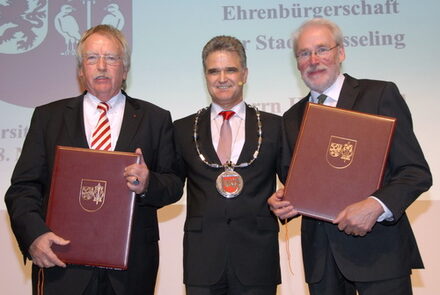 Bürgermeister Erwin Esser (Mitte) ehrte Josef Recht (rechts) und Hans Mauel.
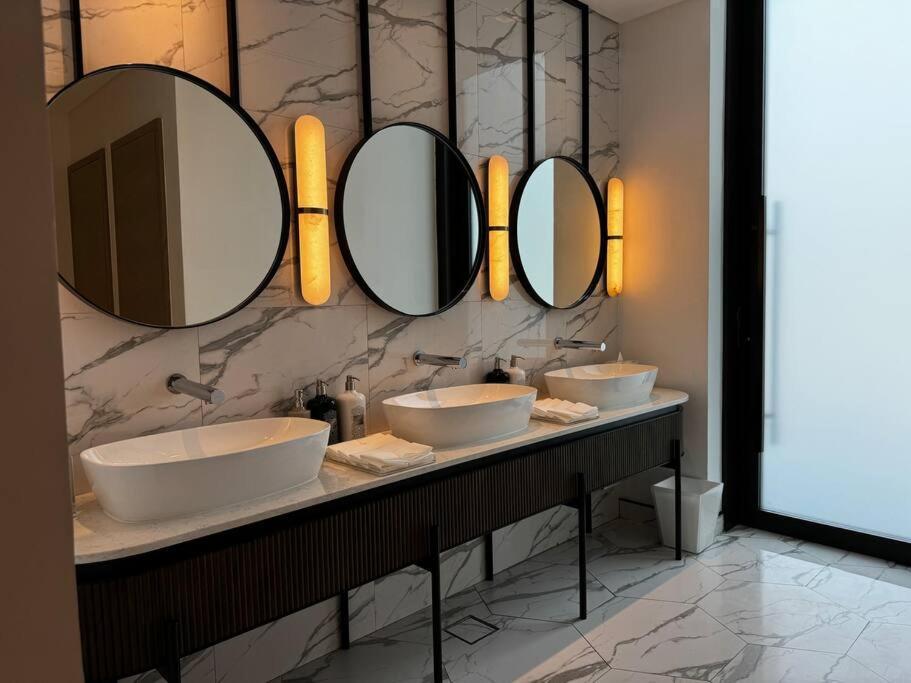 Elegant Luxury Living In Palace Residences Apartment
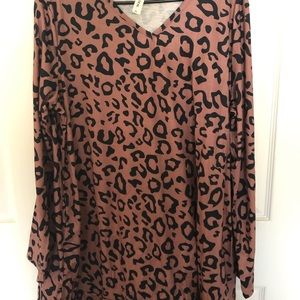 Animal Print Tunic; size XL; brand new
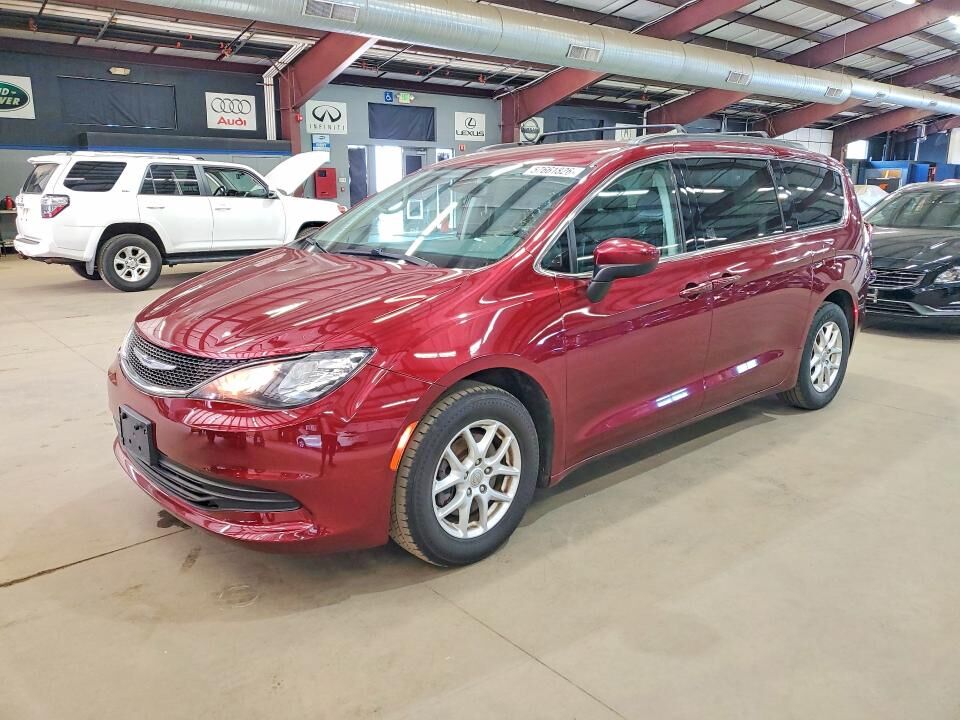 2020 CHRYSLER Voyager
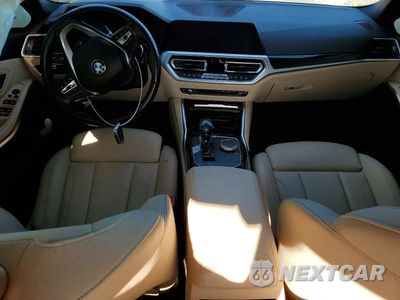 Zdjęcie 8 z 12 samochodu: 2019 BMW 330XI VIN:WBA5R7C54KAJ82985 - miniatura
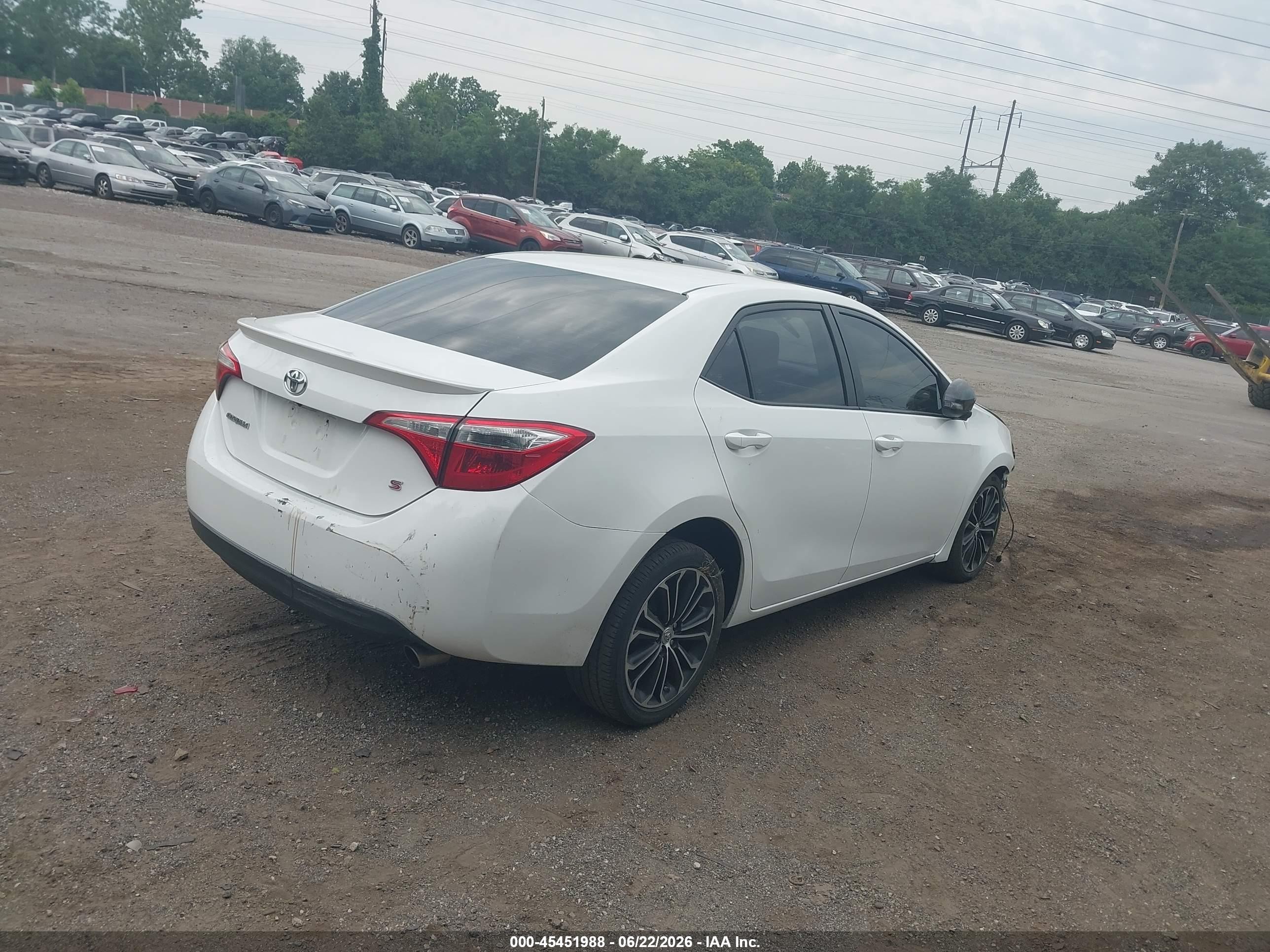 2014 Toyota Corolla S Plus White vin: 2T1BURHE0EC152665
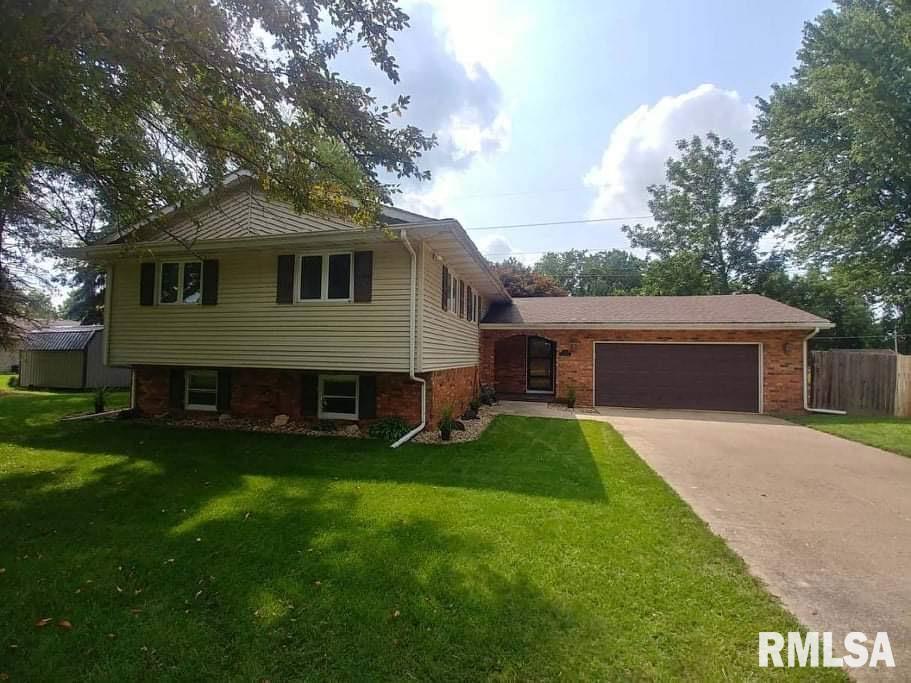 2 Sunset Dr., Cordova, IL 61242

=======

# Your objective
Keep the pictures out while you retype all of the data above exactly as it appears.

# Written response
 Bürgermeister Erwin Esser (Mitte) ehrte Josef Recht (rechts) und Hans Mauel.
 Elegant Luxury Living In Palace Residences Apartment
 Animal Print Tunic; size XL; brand new
 2020 CHRYSLER Voyager
 Zdjęcie 8 z 12 samochodu: 2019 BMW 330XI VIN:WBA5R7C54KAJ82985 - miniatura
 2014 Toyota Corolla S Plus White vin: 2T1BURHE0EC152665
 2 Sunset Dr., Cordova, IL 61242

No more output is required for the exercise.